I am not the most photogenic of people. Let’s be honest, I’m not the most people of people. And when someone advances on me with a camera, my reaction is either to scowl or pull a silly face. On occasions, however – usually on pain of death – I have to behave.
Gollanczfest was one of those occasions. The lovely team at Lawrie Photography were hired to ‘do’ several of the authors that day (oh, I hope they were paid well, for we are an ornery bunch), and of the several hundred they took of me, four were deemed suitable for public consumption, and two of which I’m going to share with you now.
There’s this one:
Which is very authorial. I even have my authorial jacket on (it’s one of two jackets I own, and the other is my hatch/match/dispatch suit, which is way too formal for slumming it in a bookshop).
I sort of like this. It’s recognisably me. I’m creased, and grey, and I’ve got my specs on, and you can see that I’ve lived in this frame for fifty-odd years. Which is okay, because I have. I’ve earned the lines, the scars, the bags. Maybe it’s a bloke thing, but I don’t know: I’m at the point now where I find older faces are interesting.
The other two from this suite are even more authorial, but I find them a bit generically authorial. It’s the same head shot that everyone has, the same expression, the same to-camera gaze. This one, with my head on a slight tilt? Okay. I can live with this.
Then there’s this one:
When I saw this, I joked it was my “I’m about to shank the photographer” expression. We had been at it for about half an hour by this point, me and Lawries, getting me to stand like this, look that way, hold my head just so, shoulders down, neck forward, chin down. I did what I was told, because I’m a pro and I don’t diss the other members of the team, but I didn’t know what it was they were looking for, and maybe they didn’t either.

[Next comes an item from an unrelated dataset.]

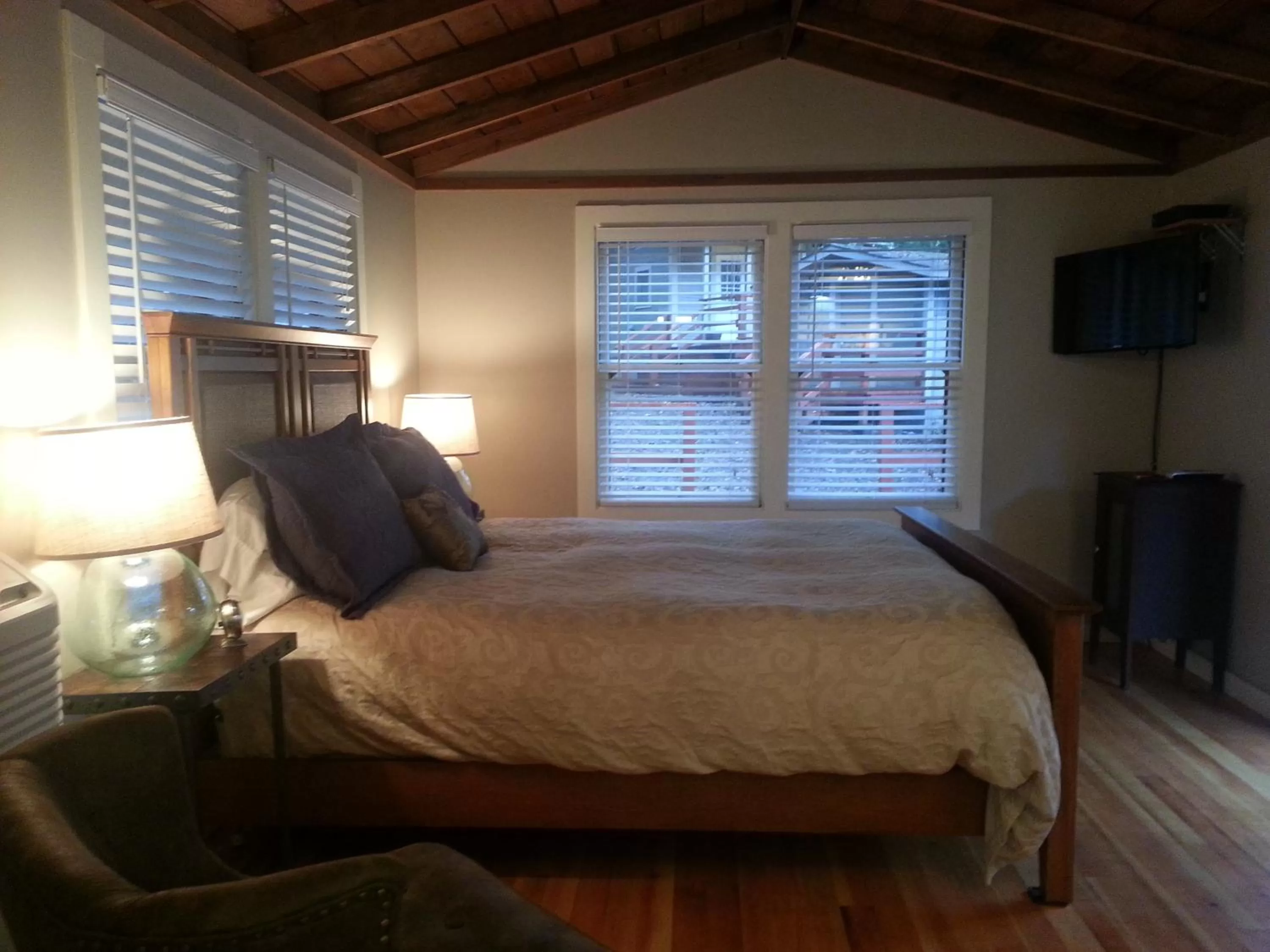 Bed in China Creek Cottages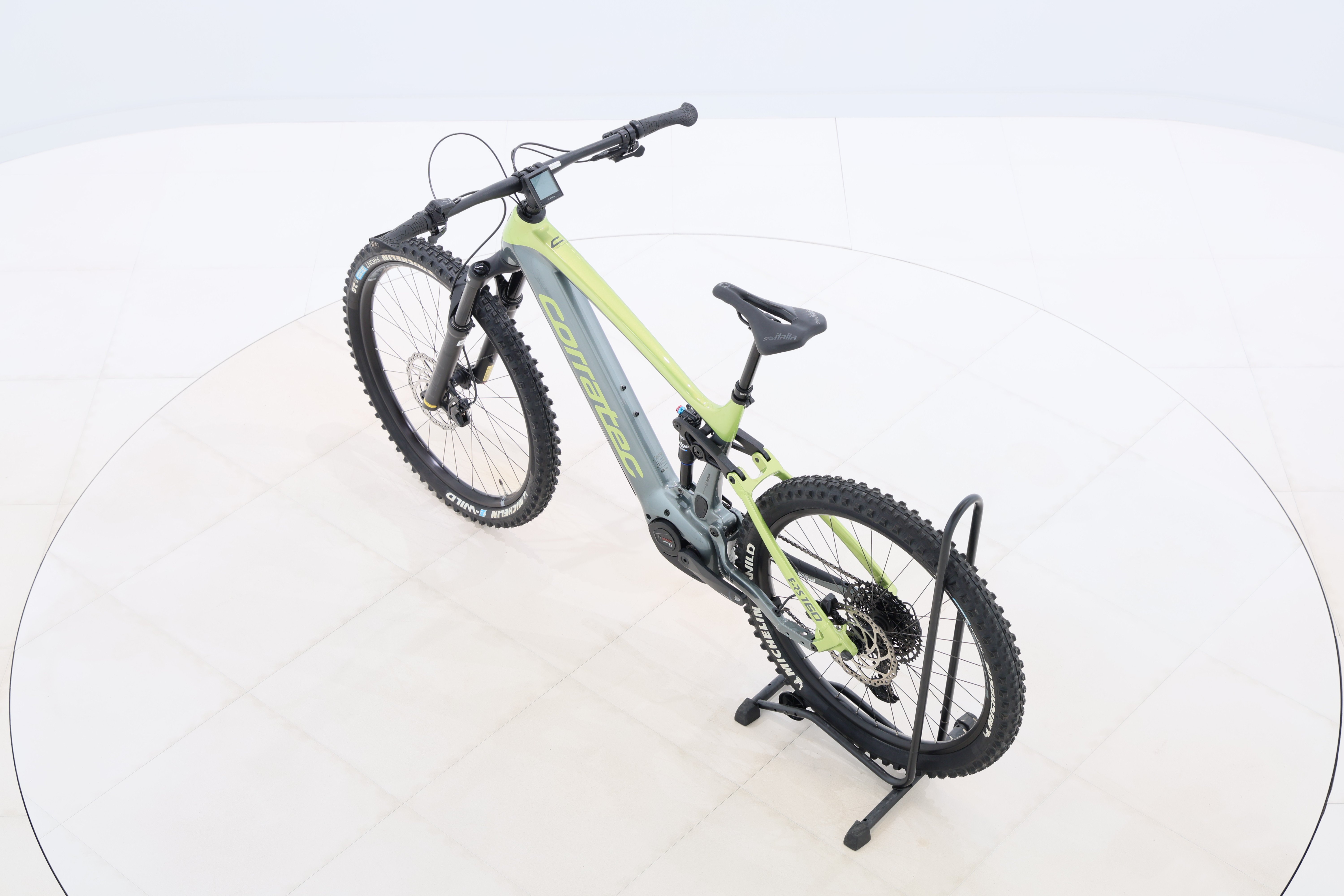 fab7e995-4e9d-4140-9d16-e87d747e85c9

We tried several versions of this, facing left, facing right, glasses on/off, jacket on/off. Do I look dangerous in this? The slight flush of the skin, the slight raise of the corner of my mouth, the unshielded glare of my uncorrected vision (even though the camera was close enough that I could still see it). There is a hint of motion in this that the other doesn’t have, like I’m just setting off. It is definably me, yet I don’t quite recognise all aspects of myself.
Ultimately, it’s not up to me. Marketing will get to decide what gets slapped on publicity that comes from them. I kind of hope they go for the bottom one, will be happy with the top one, and who knows? It may be neither. But it was an interesting experience – a first, in fact – and kudos to the Lawries, who knew what they were doing after all.